Spaces in data labels on #L and other lines #109

JPHammonds · 2017-06-29T16:59:34Z

I have run into a case where a beam line uses spaces in data labels (column names in data). This feeds over into some other lines which refer to these column labels such as #M & #@Roi). I have attached a file where scan 26 exhibits this problem. I see the problem when trying to parse #M line. This does seem to split the L line properly although I do not notice why in the code. On L lines, there are double spaces between column labels. On M line there is also double space between monitor counts and (channel name). Also for #@Roi.

lineup.zip

JPHammonds · 2017-06-29T17:02:26Z

I should note that on #@Roi the double space only appears before (channel name) not after.

prjemian · 2017-06-29T17:15:46Z

Double spaces within a data column label is a syntax error. A double space is a delimiter between data columns. This will not be changed in spec2nexus.

…

On Jun 29, 2017 12:02 PM, "John Hammonds" ***@***.***> wrote: I should note that on ***@***.*** <https://github.com/roi> the double space only appears before (channel name) not after. — You are receiving this because you are subscribed to this thread. Reply to this email directly, view it on GitHub <#109 (comment)>, or mute the thread <https://github.com/notifications/unsubscribe-auth/ACLKMPJqmTAN2x7mpLXikRcqUc1CmF2Oks5sI9iigaJpZM4OJmFN> .

JPHammonds · 2017-06-29T17:25:54Z

This is not double space in the data column, it is double space in the #L line, I think so that the spaces in column labels can be found. It is also in the #M and #@Roi. It seems to be in the files consistently. These are files generated by spec. Looks like in #L you use re.split(" +, strip_first_word(text)) to split the names.

JPHammonds · 2017-06-29T17:28:18Z

People should just not use spaces in labels in a text file, but spec has allowed it this long.

prjemian · 2017-06-29T17:36:09Z

Accepts that people do not follow rules. One space

…

On Jun 29, 2017 12:28 PM, "John Hammonds" ***@***.***> wrote: People should just not use spaces in labels in a text file, but spec has allowed it this long. — You are receiving this because you commented. Reply to this email directly, view it on GitHub <#109 (comment)>, or mute the thread <https://github.com/notifications/unsubscribe-auth/ACLKMMsq62jJd5UQUomYgiHJcQD5qAJ-ks5sI96zgaJpZM4OJmFN> .

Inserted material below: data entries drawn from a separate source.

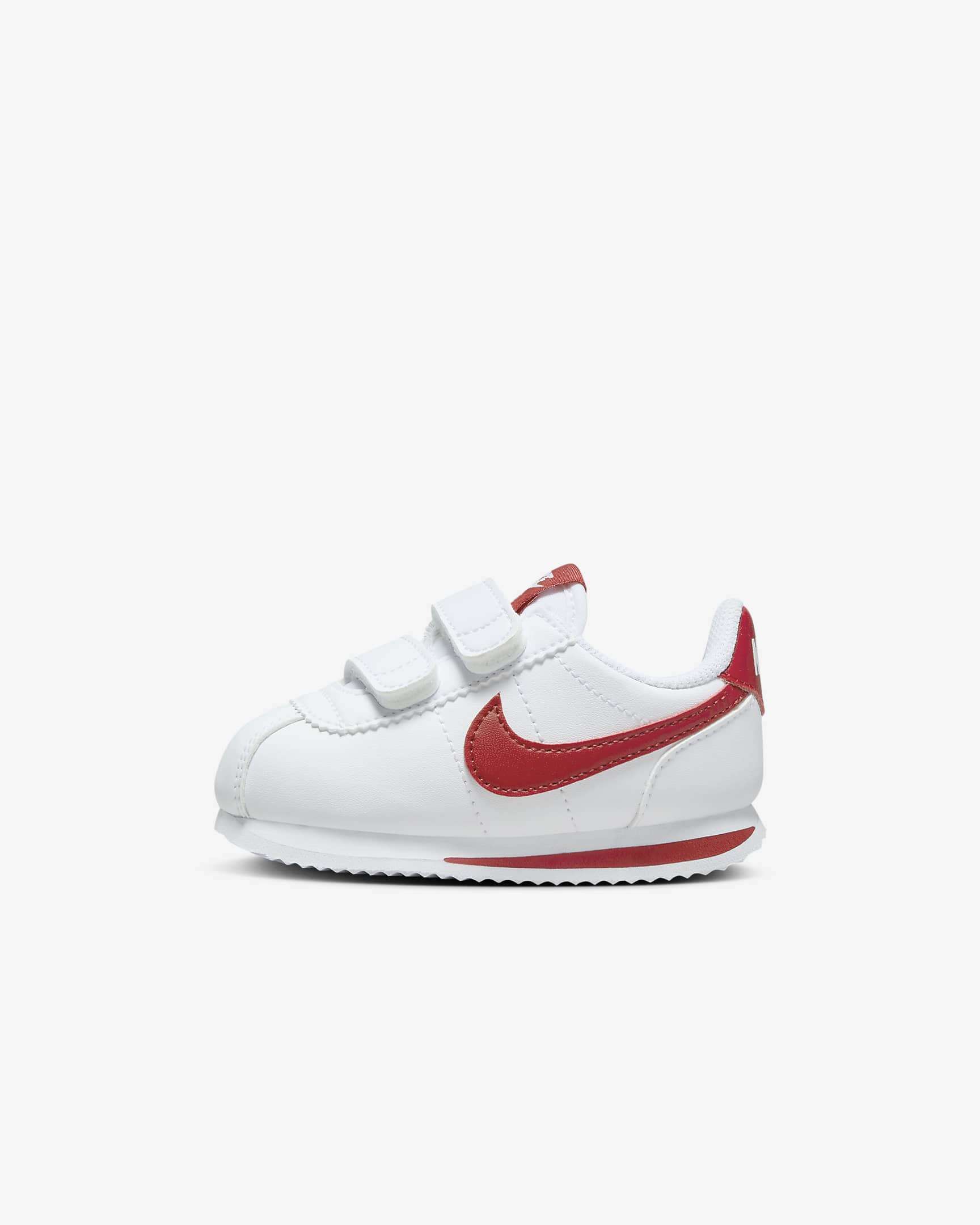 

Обувь Nike Cortez Basic Baby 904769-101 Дети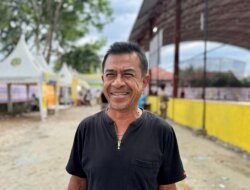 AFKAB Nilai Bupati Parigi Moutong Sosok Penggerak Futsal Daerah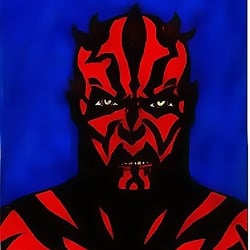 Darth Maul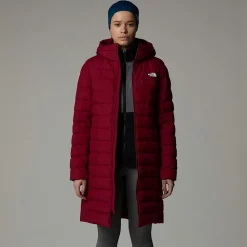 Mujer The North Face Chaquetas De Plumón|Parkas & Abrigos<Parka Aconcagua Para Mujer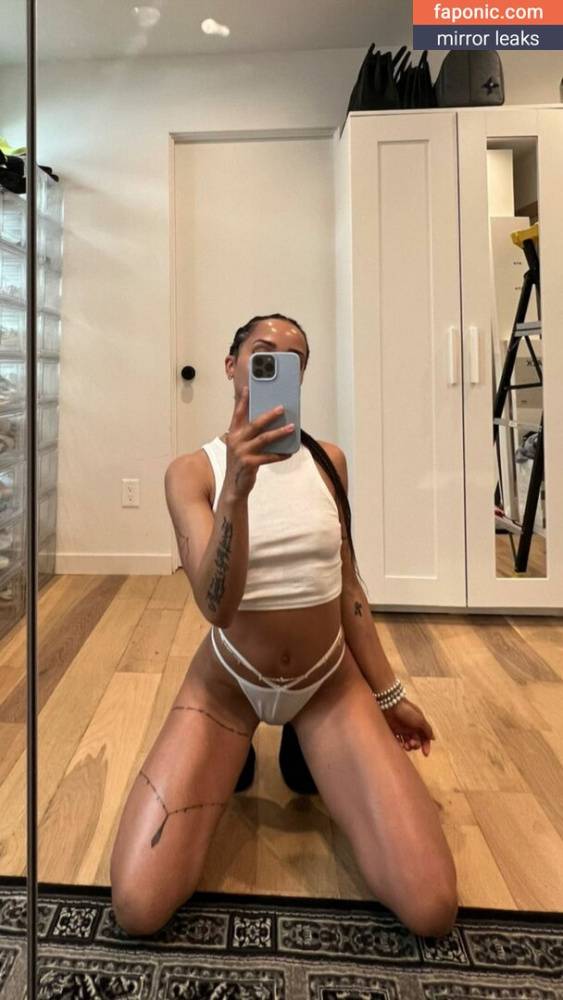 Tanaya Henry aka tanayahenry Nude Leaks OnlyFans - #20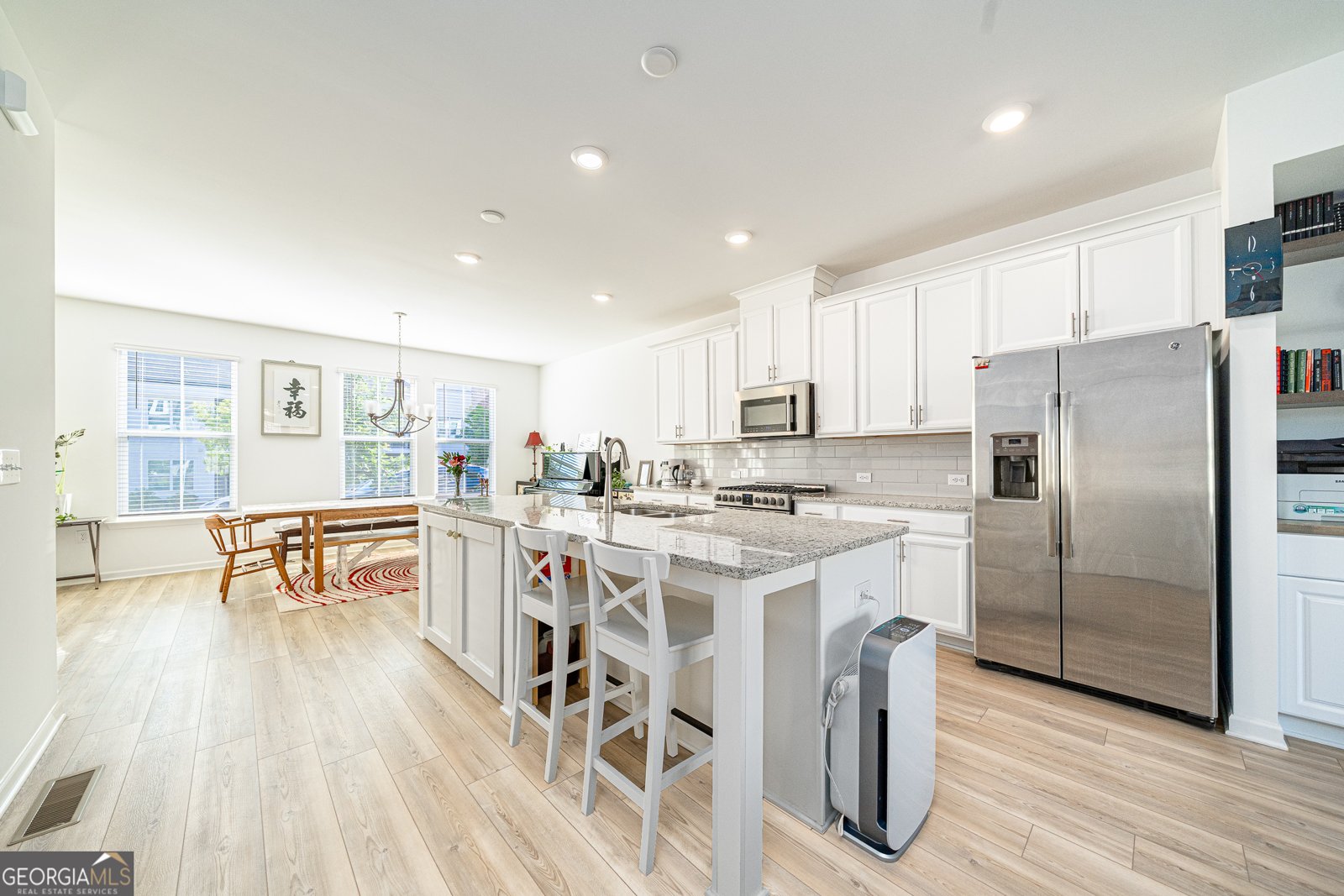 2679 Richmond Row Drive Suwanee - Photo 7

JPHammonds · 2017-06-29T17:44:49Z

At least so far I have not found an instance of double spaces in a name. Just places where a single space wreak havoc. On Jun 29, 2017, at 12:36 PM, Pete R Jemian <notifications@github.com<mailto:notifications@github.com>> wrote: Accepts that people do not follow rules. One space

prjemian · 2017-06-29T19:35:29Z

For #L lines, this splits on two or more spaces: scan.L = re.split(" +", strip_first_word(text))

prjemian · 2017-06-29T19:43:35Z

Re: SPEC data files rely on separating the data column labels with a two-space delimiter. One space is allowed in the column label, two spaces (or more) marks the start of a new column label. Yet this common practice, it was necessary to cover the special case where a scan used a single space as a delimiter.

prjemian · 2017-06-29T19:47:00Z

Not sure I understand how the #M line is involved. Syntax is #M num

prjemian · 2017-06-29T19:52:11Z

syntax for #@ROI line: is #@ROI n f l where n is a name and f and l are integers.

This is parsed with:

        scan.M, dname = strip_first_word(text).split()
        scan.monitor_name = dname.lstrip('(').rstrip(')')

The code expects there is no white space in the dname. To handle a name with space would be a change of the code which does not look difficult.

Can you post an example here?

prjemian · 2017-06-29T19:53:04Z

Above, I'm referring to the SPEC syntax, as described in spec2nexus docs.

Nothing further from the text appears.